* [Task item]
Take the records below and set down exactly the lines from the one with "Used 2025 Toyota Tacoma SR5 image 43" to the one with "1414 Bowfin Ln", ends included; do not copy the pictures.

* [Records for this task]
⁂

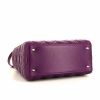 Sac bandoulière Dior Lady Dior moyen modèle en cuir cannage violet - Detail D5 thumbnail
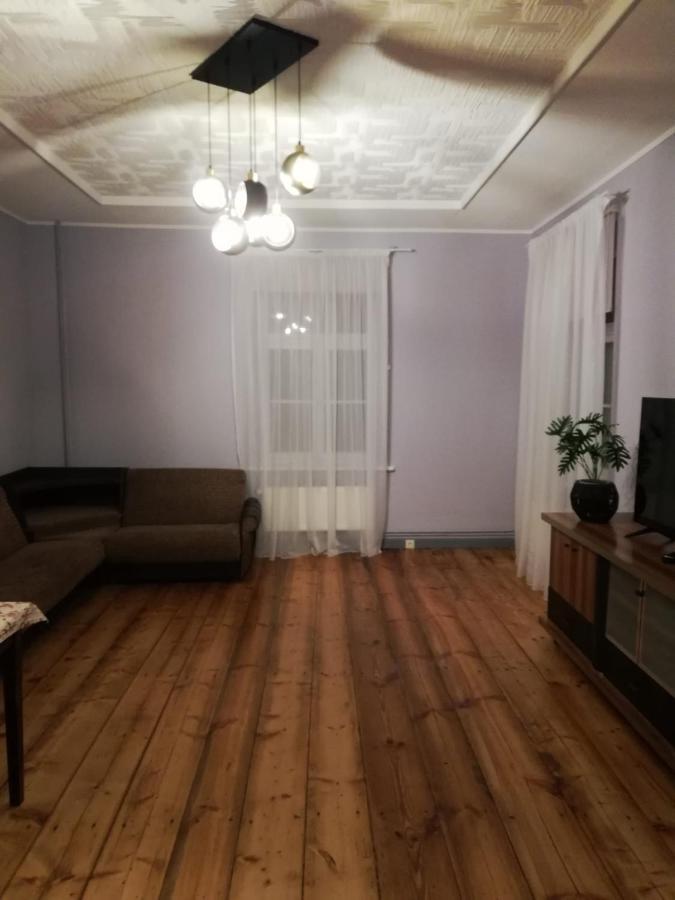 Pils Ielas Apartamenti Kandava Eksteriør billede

⁂

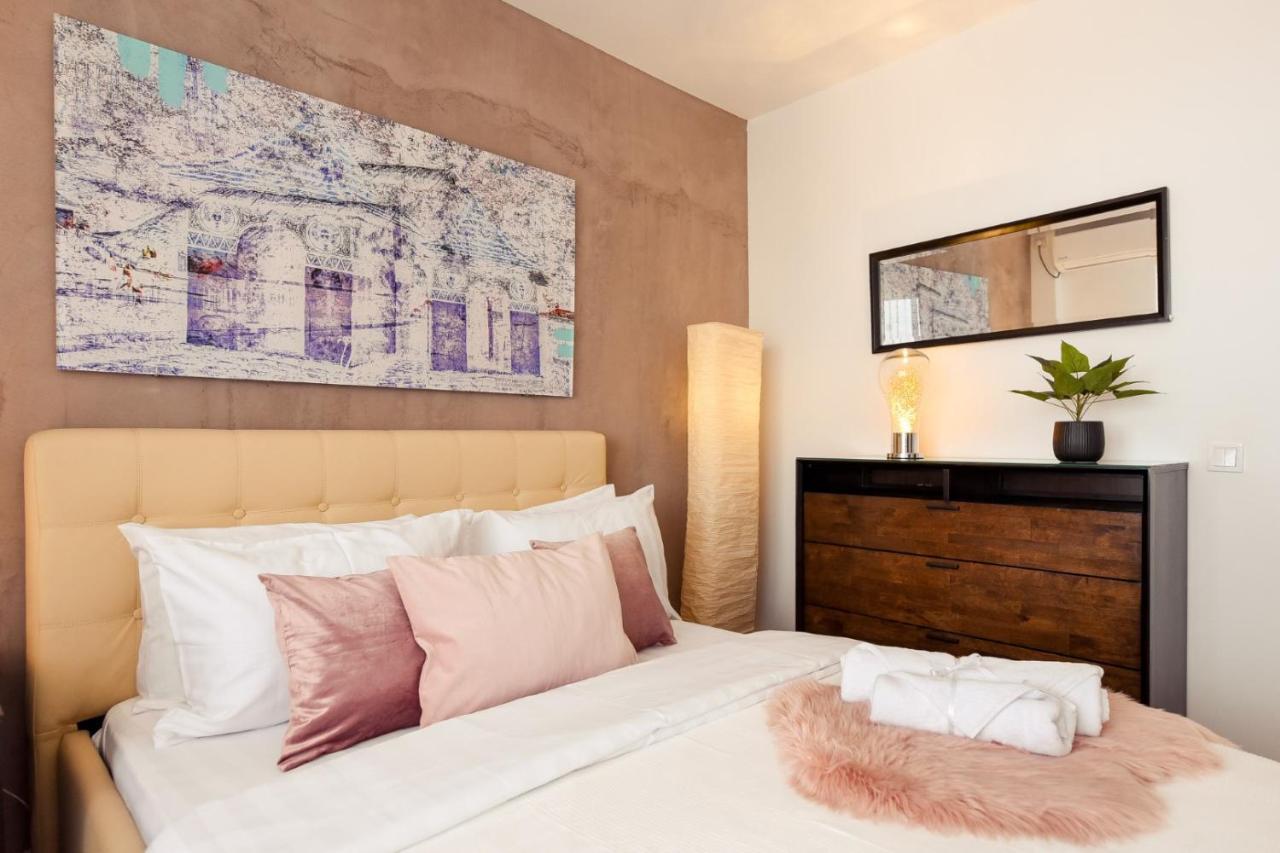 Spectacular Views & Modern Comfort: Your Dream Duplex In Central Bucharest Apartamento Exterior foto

⁂

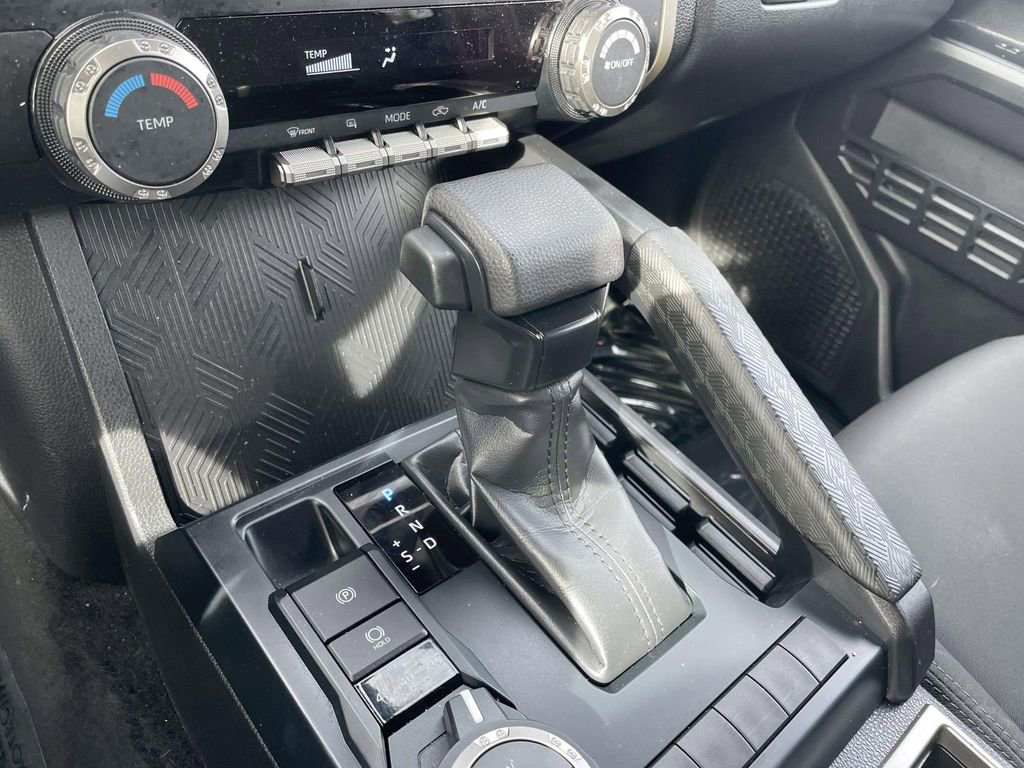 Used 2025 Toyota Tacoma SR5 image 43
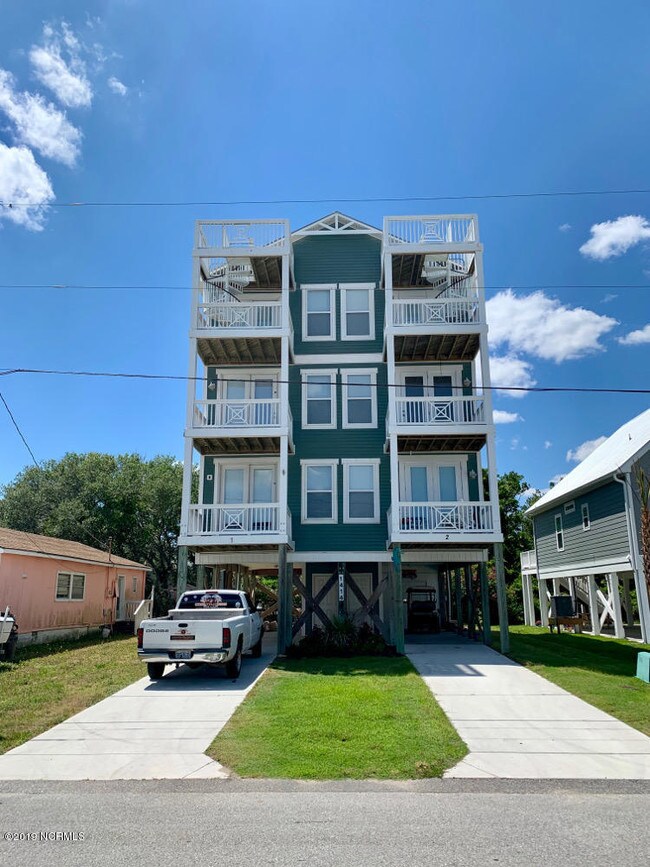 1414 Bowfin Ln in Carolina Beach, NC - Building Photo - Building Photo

⁂

* [Answer to the exercise]
 Used 2025 Toyota Tacoma SR5 image 43
 1414 Bowfin Ln in Carolina Beach, NC - Building Photo - Building Photo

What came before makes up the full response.